### Data section ###
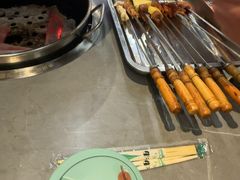 -水浒烤肉(大学城总店)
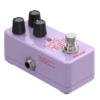 NUX TUTTI Polyphonic Octave Pedal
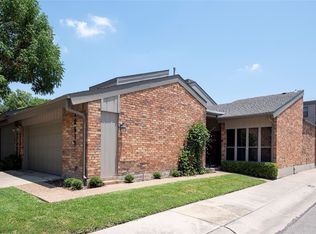 12512 Montego Plz, Dallas, TX 75230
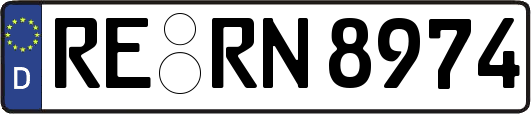RE-RN8974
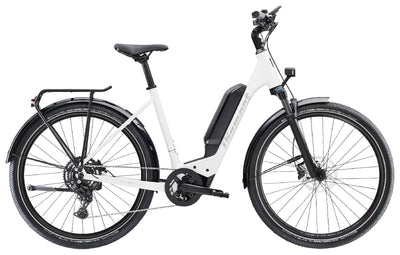 Diamant Zing Gen 2 (CUES) - 800 Wh - 2024 - 27,5 Zoll - Tiefeinsteiger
###
> _What you need to do_
In the copy, include every entry above exactly and leave out each picture.

> _Written solution_
 -水浒烤肉(大学城总店)
 NUX TUTTI Polyphonic Octave Pedal
 12512 Montego Plz, Dallas, TX 75230
RE-RN8974
 Diamant Zing Gen 2 (CUES) - 800 Wh - 2024 - 27,5 Zoll - Tiefeinsteiger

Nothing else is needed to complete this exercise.